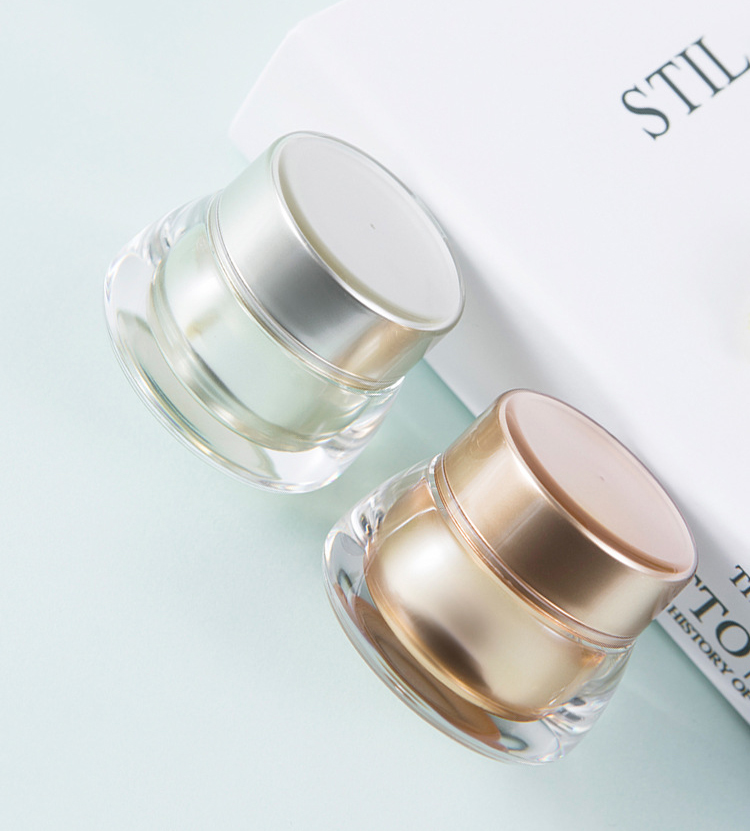 2019 Popular 7g gold silver clear cream plastic acrylic jars cosmetics jars with lids, luxury jars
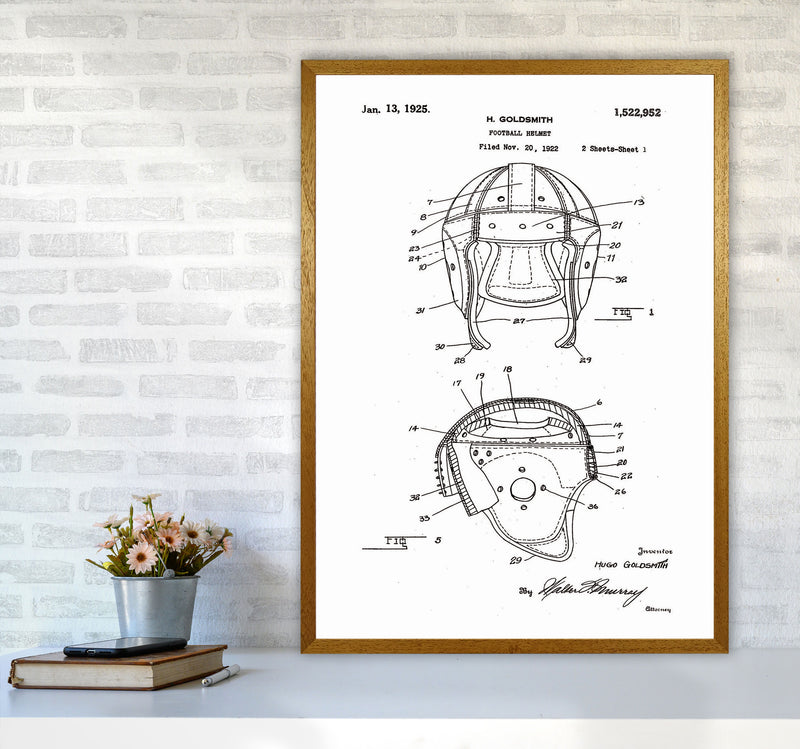 Football Helmet Patent Art Print by Jason Stanley A1 Print Only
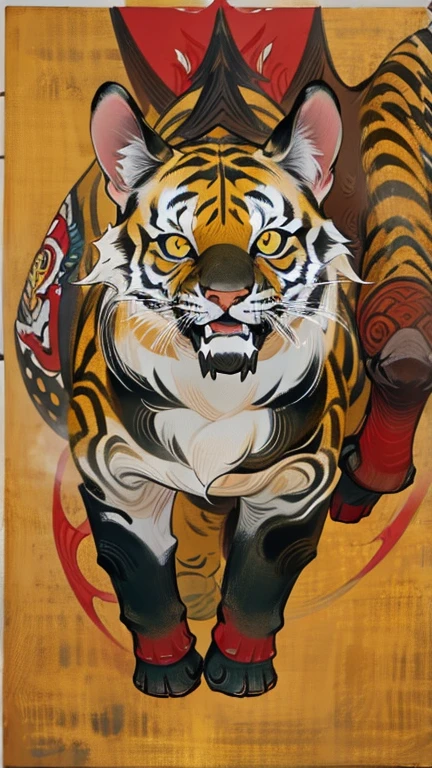 (masterpiece: 1.2, Highest quality),golden screen、White Dog、Colorful Accessories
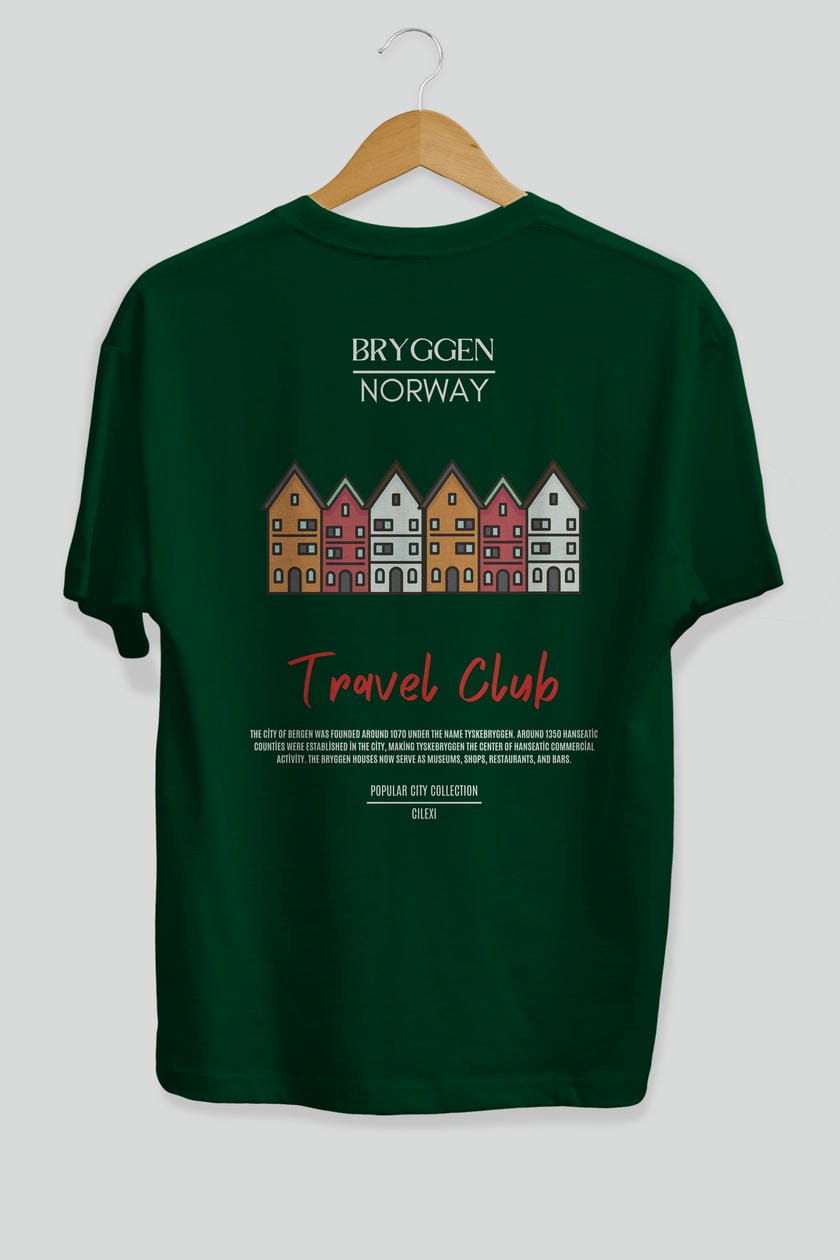 Bryggen Norway Arka Baskılı Oversize t-shirt Erkek Kadın Pamuk Bisiklet Yaka tişort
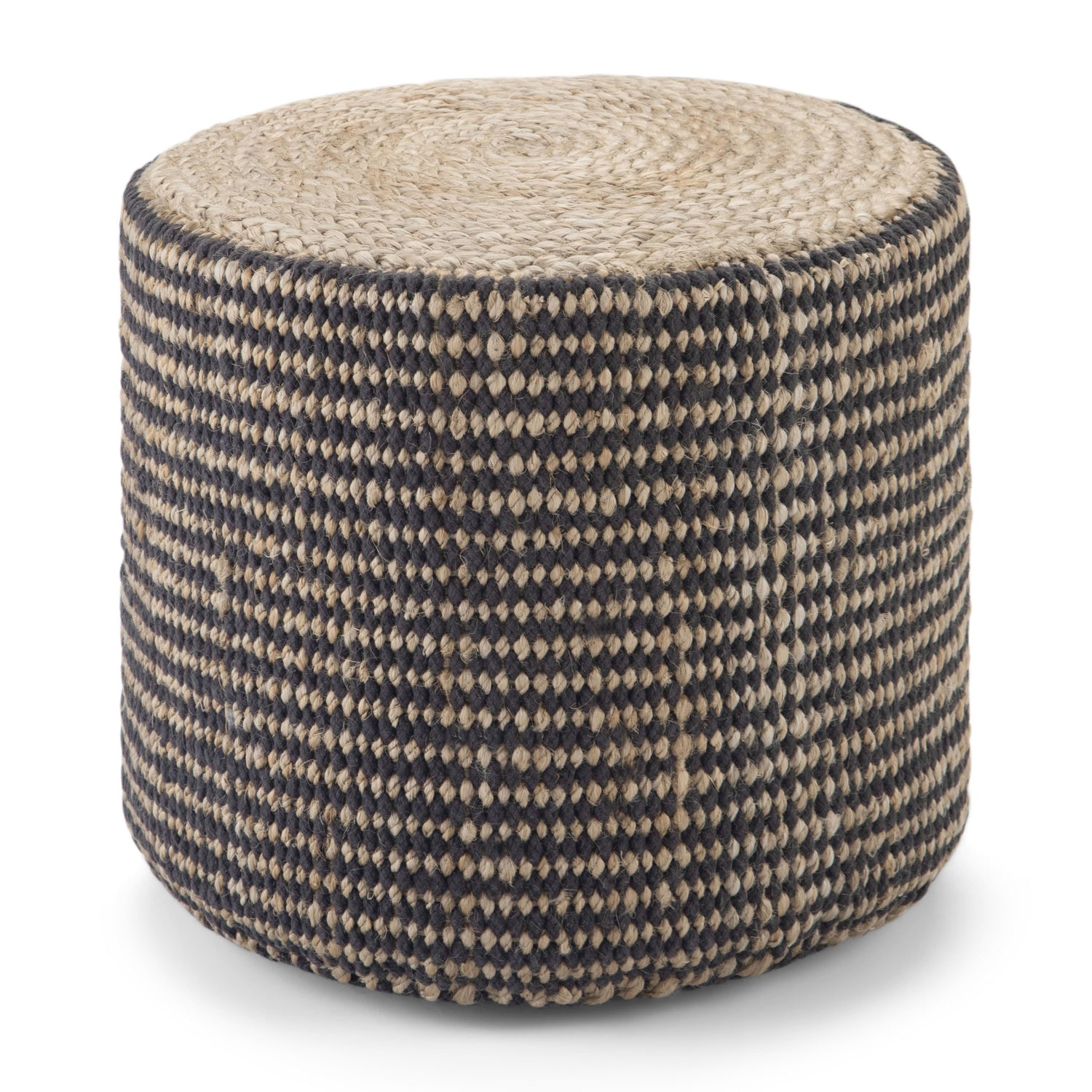 Natural and Black | Larissa Round Braided Pouf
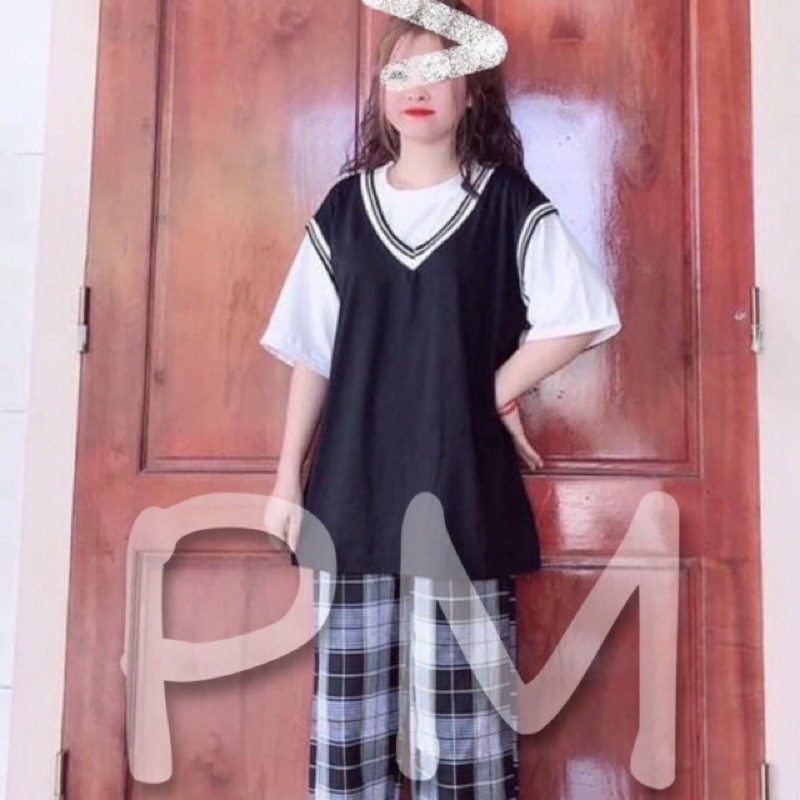 [ Mã FAMAYWA2 giảm 10K đơn 50K] sét áo gile viền kẻ+quần kẻ ống rộng | BigBuy360 - bigbuy360.vn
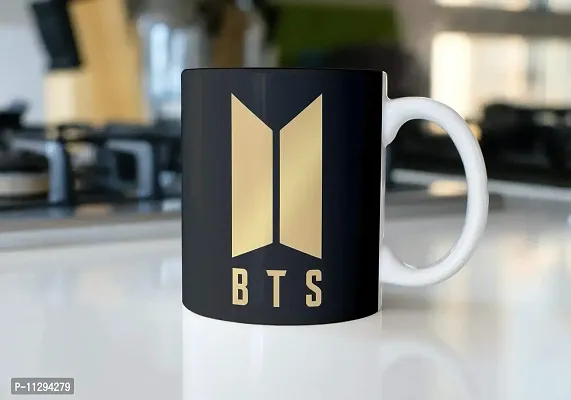 PUREZENTO BTS Gold Logo Ceramic Coffee Tea/ Milk Mug-thumb2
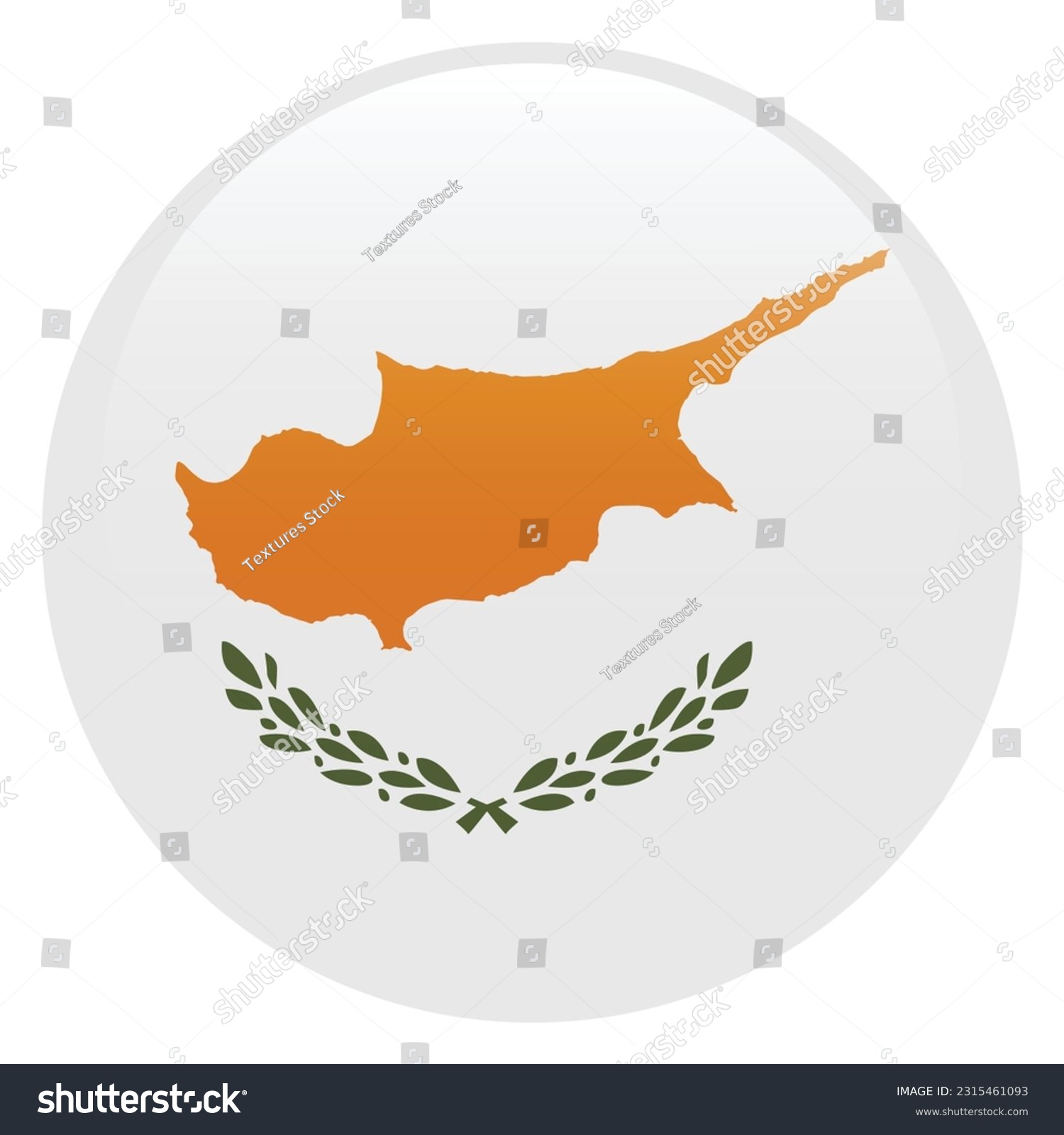 SVG of The flag of Cyprus. Flag icon. Standard color. A round flag. Computer illustration. Digital illustration. Vector illustration. svg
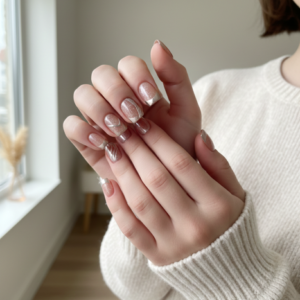 silver chrome & champagne velvet nails | 3d metallic french tip manicure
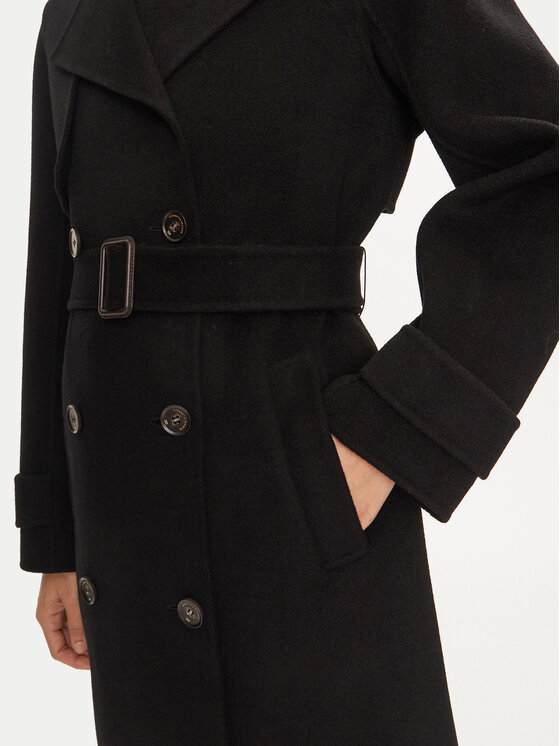 Elisabetta Franchi Elisabetta Franchi Gyapjú kabát CP-57D-46E2 Fekete Regular Fit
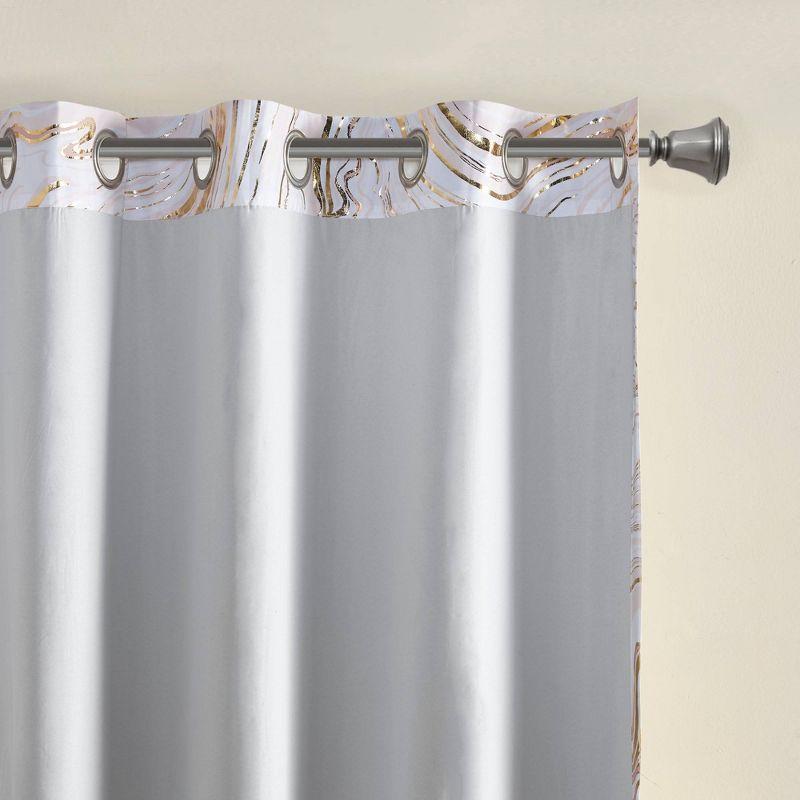 Intelligent Design 63"x50" Vanessa Total Blackout Curtain Panel Blush/Gold: Energy Efficient, Modern Grommet Top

^^^^^^^^^^^^^^^^

TASK DESCRIPTION. Can you quote exactly, and only, the lines from the one containing "SVG of The flag" through the last line of the records above, keeping both ends and leaving out any pictures?

TASK RESPONSE.
 SVG of The flag of Cyprus. Flag icon. Standard color. A round flag. Computer illustration. Digital illustration. Vector illustration. svg
 silver chrome & champagne velvet nails | 3d metallic french tip manicure
 Elisabetta Franchi Elisabetta Franchi Gyapjú kabát CP-57D-46E2 Fekete Regular Fit
 Intelligent Design 63"x50" Vanessa Total Blackout Curtain Panel Blush/Gold: Energy Efficient, Modern Grommet Top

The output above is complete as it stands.